* [What the task asks] Copy the entries that appear below in full, leaving out any picture among them.

##### Records shown

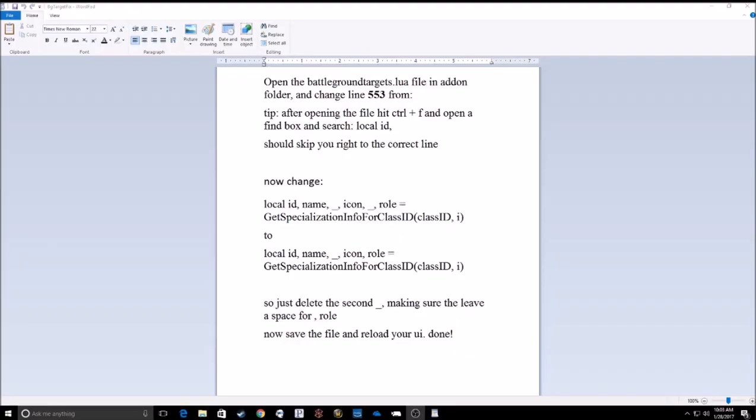What's up guys? It's Sid. I've run across a fix for Battleground Targets, the add-on, for 7.1.5 if you're having trouble with it like a lot of people are. It's not showing classes of people or just not working at all. There's a fix.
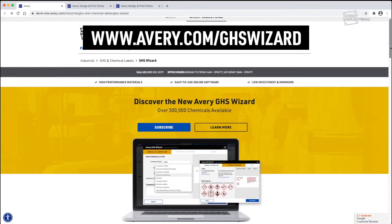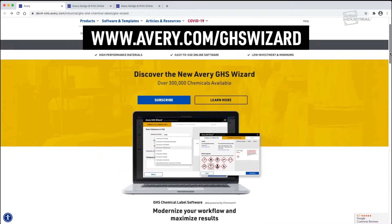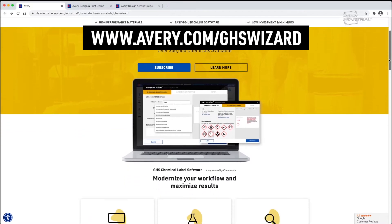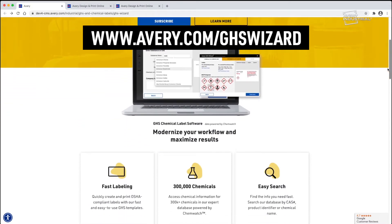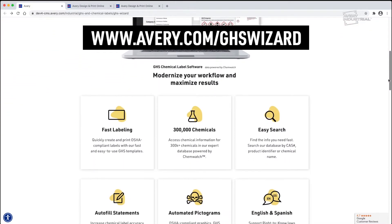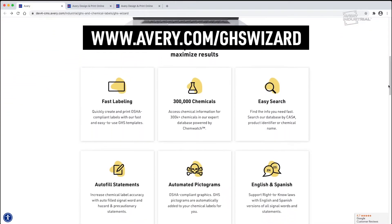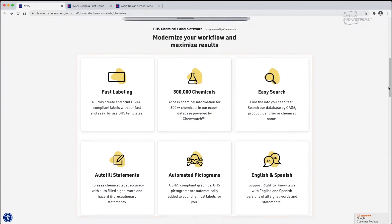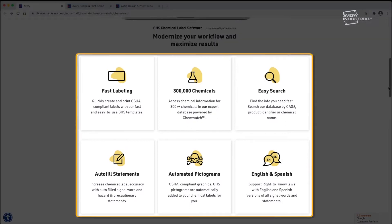Start by visiting avery.com/GHSWizard. Learn about the features and benefits of the GHS Wizard, such as the comprehensive chemical search and autofill features.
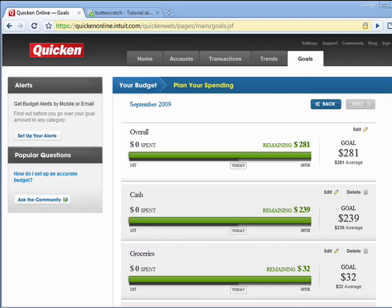Hi, this is Mike Callahan, Dr. File Finder, and welcome back to our special Butterscotch.com 10-part series on Quicken Online. In this segment, we're going to look at the Goals tab.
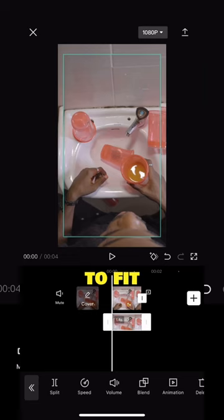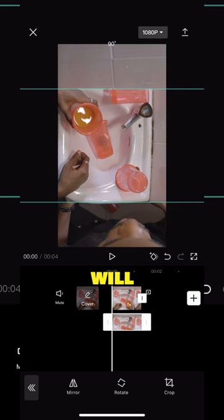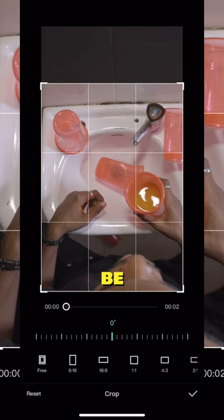Go to edit and click on mirror, click on rotate twice and that will rotate your video upside down. Click on crop and just crop out the wall because I won't be needing that.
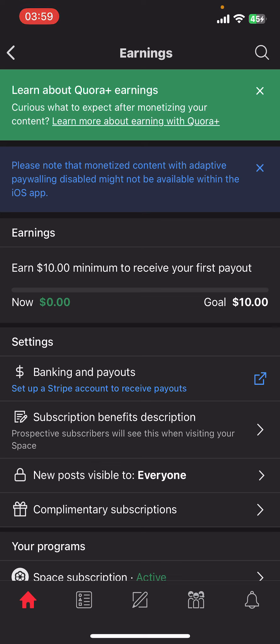There you can see the spaces that you're earning from. Select each space. Once you do that, in a couple of seconds you can see on your screen the topic earnings, and that is where you find your earnings in Quora.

##########

* [Task response]
What's up guys? It's Sid. I've run across a fix for Battleground Targets, the add-on, for 7.1.5 if you're having trouble with it like a lot of people are. It's not showing classes of people or just not working at all. There's a fix.
Start by visiting avery.com/GHSWizard. Learn about the features and benefits of the GHS Wizard, such as the comprehensive chemical search and autofill features.
Hi, this is Mike Callahan, Dr. File Finder, and welcome back to our special Butterscotch.com 10-part series on Quicken Online. In this segment, we're going to look at the Goals tab.
Go to edit and click on mirror, click on rotate twice and that will rotate your video upside down. Click on crop and just crop out the wall because I won't be needing that.
There you can see the spaces that you're earning from. Select each space. Once you do that, in a couple of seconds you can see on your screen the topic earnings, and that is where you find your earnings in Quora.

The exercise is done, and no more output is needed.